Shocking college debt figures. Not for students but for parents!Please be careful with your advice.

Many college students doubt they’ll be able to pay off their student loans – ever
https://www.usatoday.com/story/money/2019/05/29/college-students-fear-they-wont-able-pay-their-student-loans/1258761001/

4 Years of College, $0 in Debt: How Some Countries Make Higher Education Affordable
https://www.nytimes.com/2019/05/28/reader-center/international-college-costs-financing.html

Imo, the Direct loans are all the students should take. Maybe, maybe Maybe a bit more if very low interest college loans or federal student loans also offered. These days, if parents don’t qualify for PELL, kids get another $5k or so. Even that is too much.

I have a friend who has a very nice job in Manhattan. She took out $40k in Direct student loans and another $40k for graduate school. She owes over $100k and she’s in her 40s and has never defaulted. But she deferred while in grad school and for a few short periods in her life. The internet keeps on cranking. That and her car are the only debts in her life and those student loans suffocate her. Life goes on after college and there never seems to be enough money. The loans are a ball on chains.

@bester1. Great reads. But like in Canada, I think you are taxed like 50% of income in exchange for Healthcare and education and other services to make this all happen. Not sure how it works aboard. Something needs to change. I never understood why like all colleges, big or small are like $50-65,000,OOS or private. It just seems like the numbers are made up to keep up with the Joneses.

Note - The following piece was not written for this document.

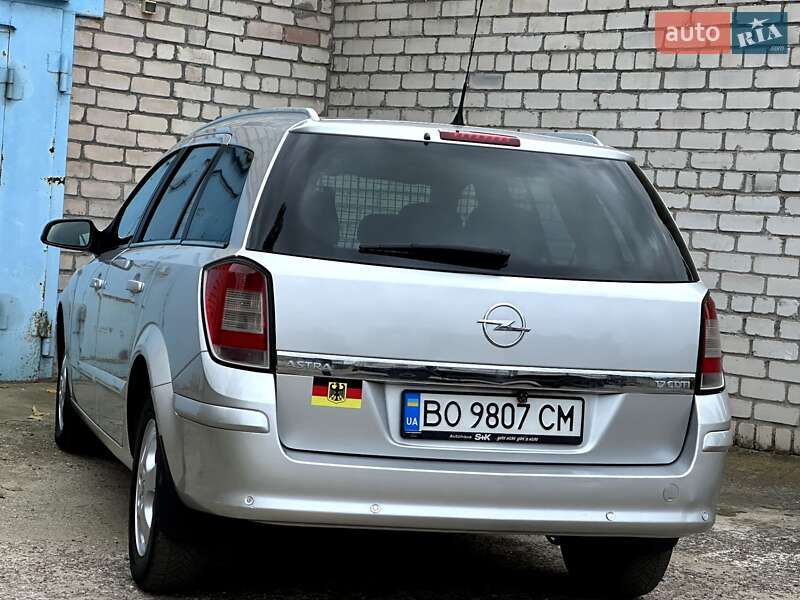 Универсал Opel Astra 2009 в Николаеве фото 15 Универсал Opel Astra 2009 в Николаеве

Also the article about financial responsibility. Both our kids in college applied and got their first credit cards through our bank account. Both met with our young looking banker. They only initially got $1,000. She explained to them how to build credit the correct way but most importantly to pay off the balance monthly. She gave then good /bad real case scenarios of building credit. It was great. Both kids are like “why would you constantly buy things you can’t afford to pay cash for”? They both grew up with debit cards not credit cards and learned quickly either you have the funds or you don’t. It’s a start at least of reversing the current thinking.

@bester1 Many Americans, especially CC’ers want affordable college but on their own terms. They want small freshman classes. They want advising and other services galore. Other countries, even Canada, do not provide that.

Another vote for the federal student loan limits as a rule of thumb; I was under the impression that it’s 27k over four years. (Debt for professional school is a completely different conversation.)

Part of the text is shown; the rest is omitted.